The model is mainly based on the Artificial Intelligence (AI), for example, a neural network model, which can specifically identify the to-be-restored regions of the first image based on an object detection algorithm or the like, for example, an R-FCN, a Faster R-CNN, an SSD, and a YOLO V3 algorithm. These neural network models can be obtained by training an initial neural network model by labelling to-be-restored regions of the first image.

Here, the second image may be an image obtained by restoring the first image.

It should be noted that image restoration refers to restoration and reconstruction of a damaged image or removal of redundant objects in an image.

As one of image processing techniques, the image restoration technique in an embodiment of the present disclosure is intended to restore missing or occluded portions of an image according to an image context, and an image restoration task requires that the restored image, as a whole, should be as natural as possible and as close as possible to an original image. By the image restoration technique, some noise, scratches, missing parts, occlusions, and the like in the image can be removed to improve the image quality.

Step 202 includes synthesizing images corresponding to feature points of the first image and the first image to obtain a synthesized image.

In the embodiment, the execution body may synthesize the images corresponding to the feature points of the first image and the first image to obtain the synthesized image.

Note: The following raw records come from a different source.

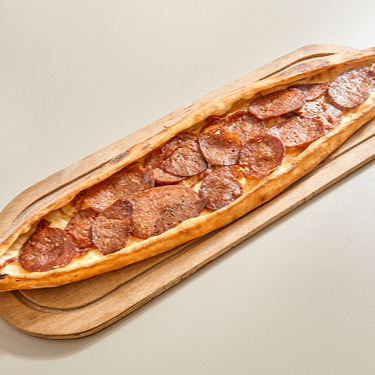 Sucuklu Pide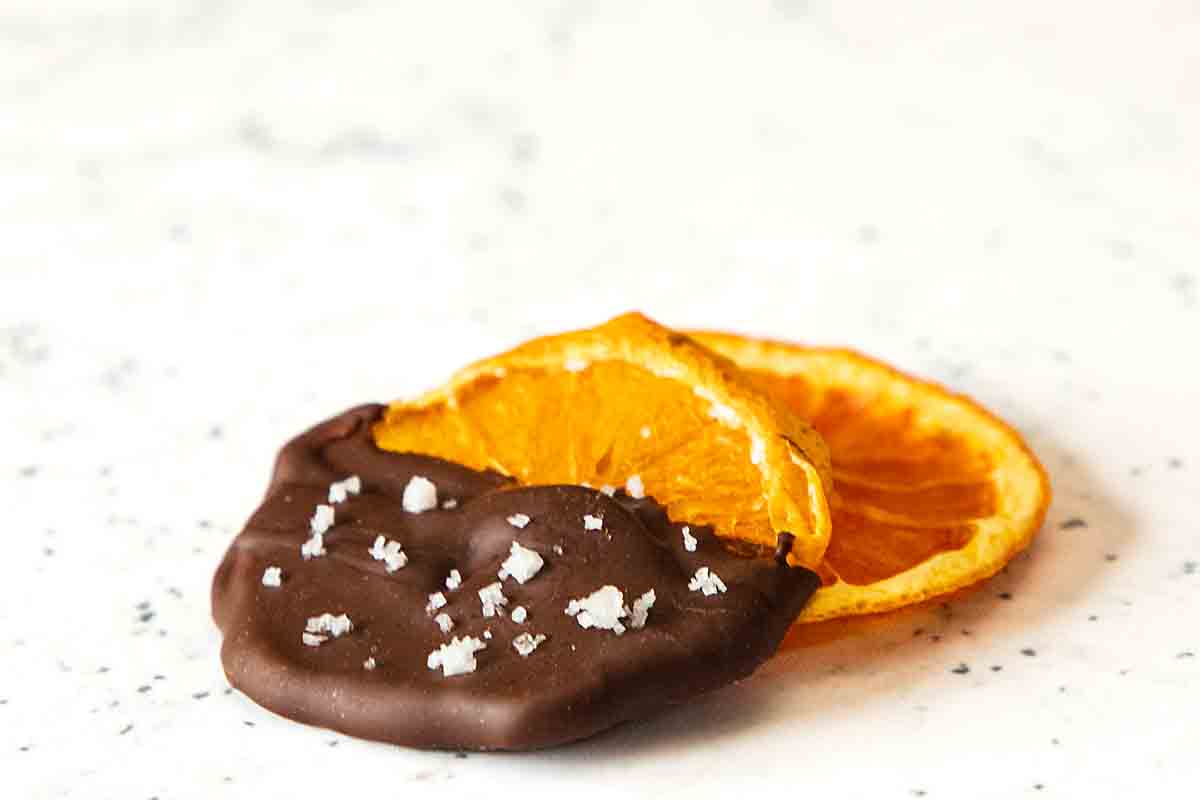 Dried Orange Slices: How to Make and Use Them For More Than Just  Decorations – Fresh Bites Daily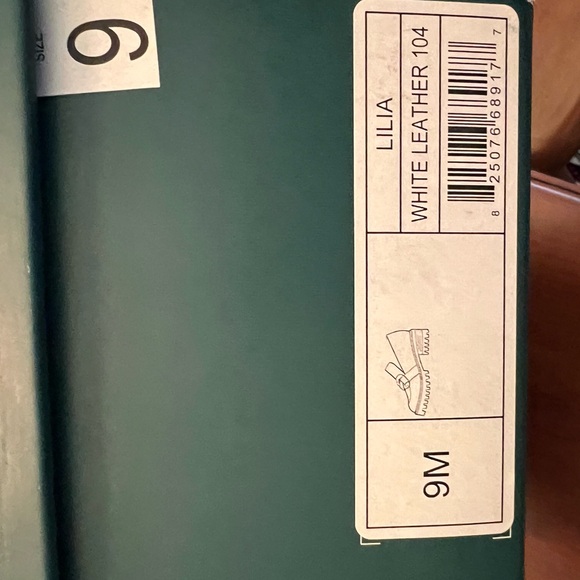 Lilia White Leather Shoes. NWT - Picture 3 of 9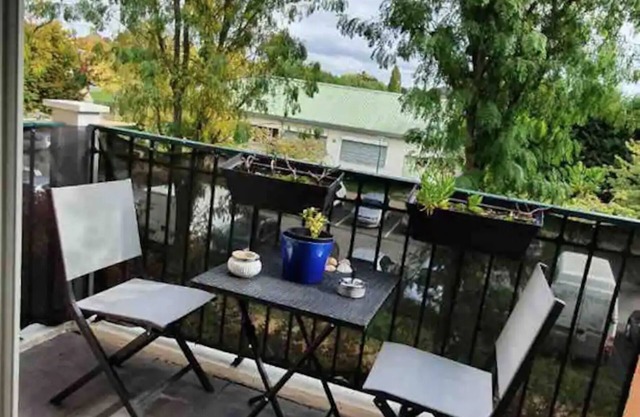 Large F3 near Paris and Versailles, ideal for 4!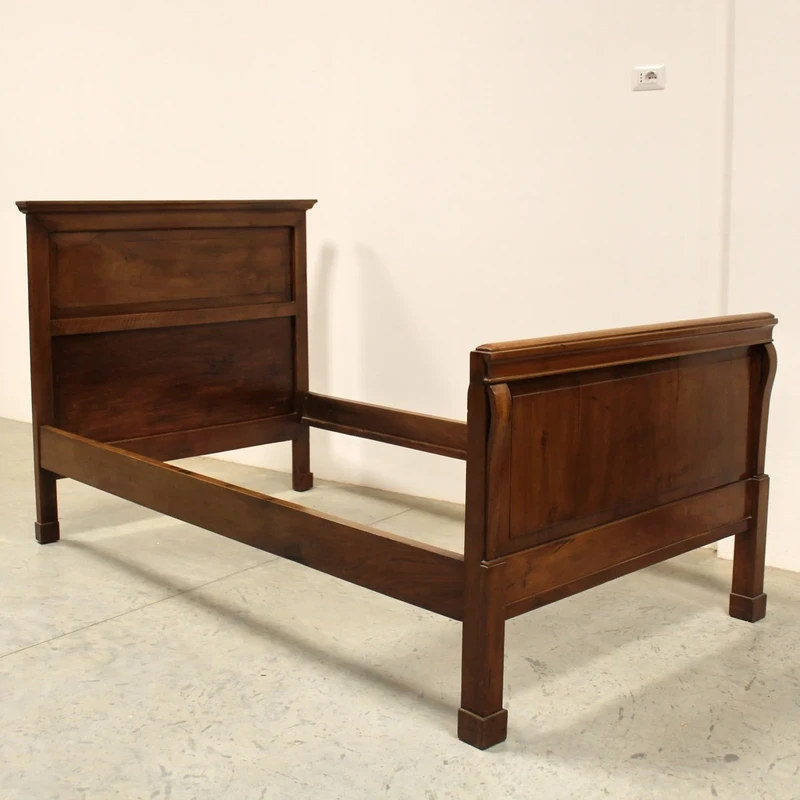 Antico letto Impero in noce 19°secolo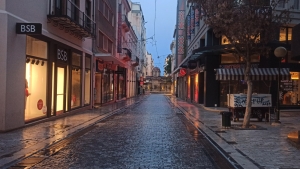 Lockdown - Χατζηθεοδοσίου στο CNN Greece: «Χιονοστιβάδα» λουκέτων αν οι έμποροι χάσουν τις εκπτώσεις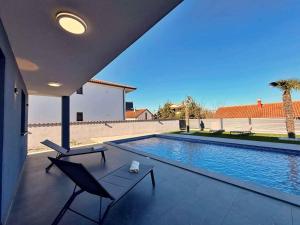 Villa with Pool in Hlapa-Insel Krk 55260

Specifically, object detection is firstly performed on the first image; thereafter, an object in the first image is determined; then, feature points of the object in the first image are obtained by feature point detection of the object; then, the feature points are separated from the first image to obtain images corresponding to the feature points; then, the images corresponding to the feature points and the first image are synthesized to obtain then synthesized image. For example, synthesis is performed based on a number of channels of the images corresponding to the feature points of the first image and a number of channels of the first image, to obtain the synthesized image. Alternatively, target feature points in the images corresponding to feature points are spliced with target feature points in the first image, where positions of the target feature points in the images corresponding to the feature points are identical with those of the target feature points in the first image. The above feature point may be used to represent a feature of an object, and the target feature point may represent one or more of all the features of the object. The above object may be a target in the first image, for example, a face, a vehicle, background, a text, or the like.

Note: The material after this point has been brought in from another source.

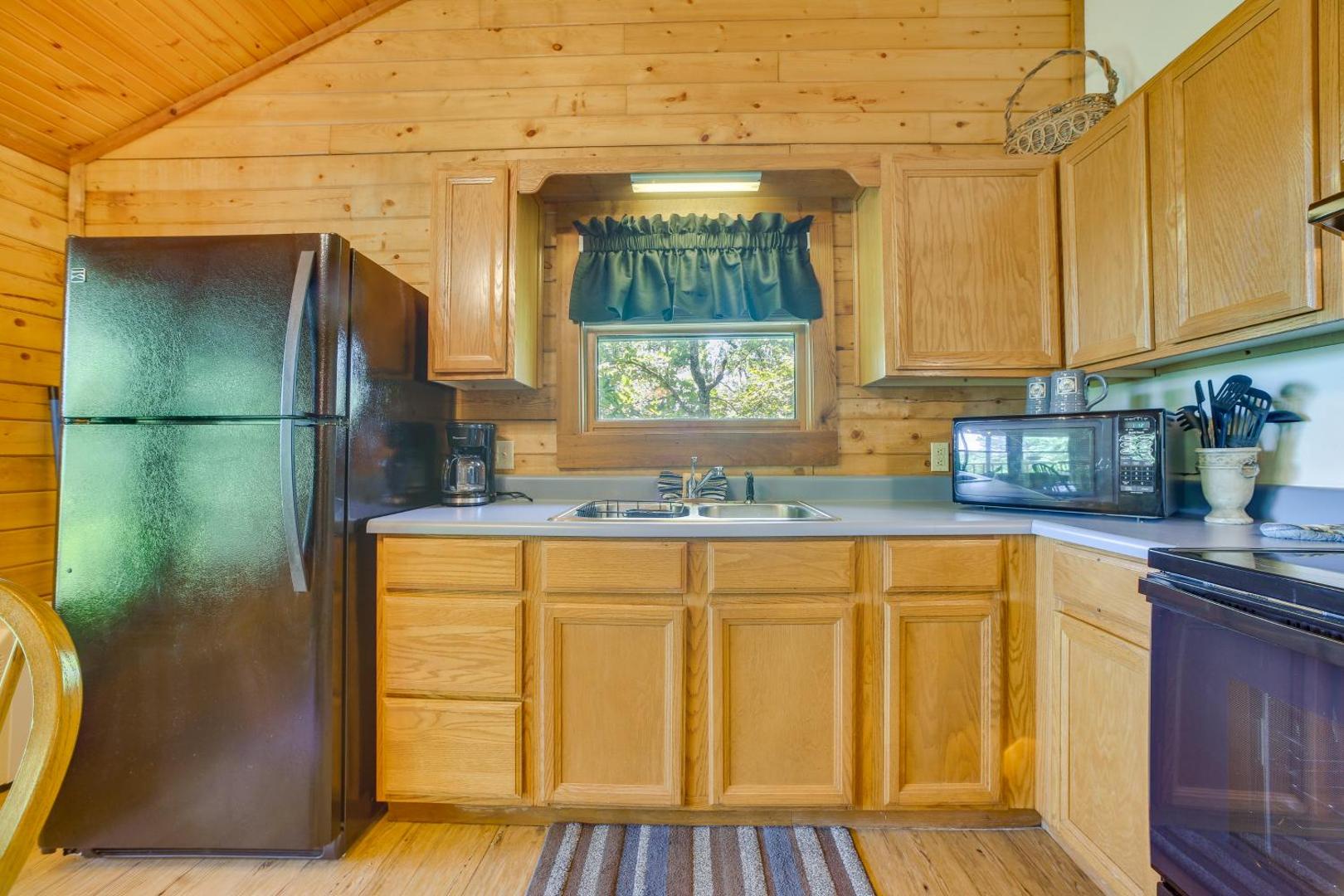 Billede 5: Studio with Mtn Views, 1 Mi to Thorncrown Chapel!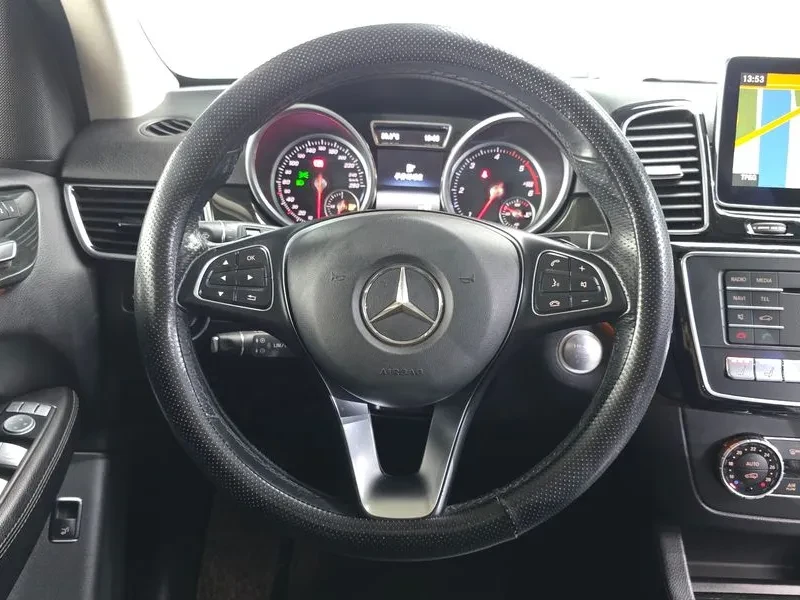 Mercedes-Benz GLE 350d - САМО 30% АВАНС, снимка 13 - Автомобили и джипове - 56112319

In a specific example, the first image may be an image including a human face. After performing the object detection on the first image, a type of an object in the first image is determined as a human face and a position of the human face in the first image is determined. Then, key point detection is performed on the human face in the first image to obtain key points of the human face, for example, sense organs on a face (i.e., eyes, eyebrows, the mouth, the nose, etc.), a contour, and the like. Then, the key points of the human face in the first image are separated to obtain images corresponding to the key points of the human face. Then, the images corresponding to the key points of the human face and the feature points with identical positions in the first image are synthesized to obtain a synthesized image. For example, a left eye (that is, the image corresponding to a key point of the human face) is spliced with a left eye in the first image.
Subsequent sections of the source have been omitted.